I’m back from a week long digital printmaking workshop by Barry Haynes held at The Mono Inn in Lee Vining, California. I flew down to Reno, drove several hours south on one of the great, spectacular roads of the world, Rt. 395 down the backside of the Sierras, to Mono Lake, one of the weirder places on the planet. The tufa towers (calcified spring outlets) on Mono Lake’s shore edge look like the petrified home of some prehistoric, underwater giant worm.
I was confined to a darkened, too small room for 5 days with 6 other students. I had to become bilingual in a hurry, as we were on Macs. This is going to generate some hate mail, but a week on a Mac has only confirmed my low opinion of the format. The directory structure is arcane and confusing, and a mouse with no buttons is a huge dumbing down of a primary interface (my PC mouse has 5). A click in the wrong place can send you spiraling out of your program into desktop purgatory. You can’t hot-swap a USB flash drive without getting all sorts of OS reprimands, and what’s with this Trash Basket as the means to spit out a CD? Anything no longer attached to a Mac is garbage?

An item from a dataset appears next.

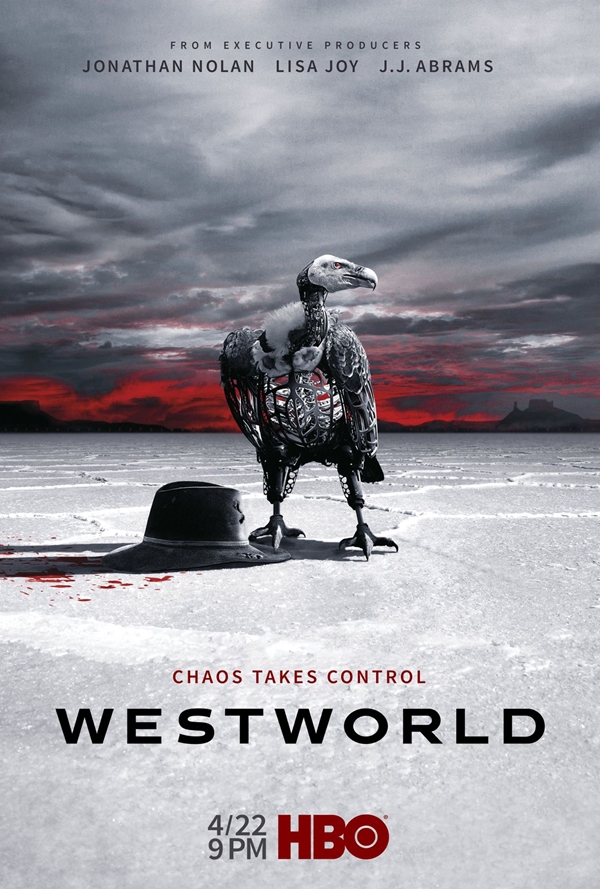 ✭ Westworld -- El parque volverá a abrir el 16 de Marzo, para la Temporada 3 - Página 2 Westworld_70142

I was the most experienced Photoshop user in the group, not a position I like to occupy in a workshop. I like to be surrounded by expertise that I don’t yet have. Barry gave me a great new conceptual approach to Photoshop editing, but techniques and tips came a little too slowly for my preference. I like the firehose mode—soak me with more than I can absorb. This was more lawn sprinkler mode. But perhaps the best for integrating technique and allowing a lot of room for practice.
Mornings and evenings I had the chance to hike and bird (my trip list is 58 species), and we had some group photography trips. I was cut off from wireless access, so my daily photo blog suffered an upload delay. And I spent a week without reading a newspaper, a nearly unprecedented event. There are no newspapers delivered to Lee Vining. It’s too remote.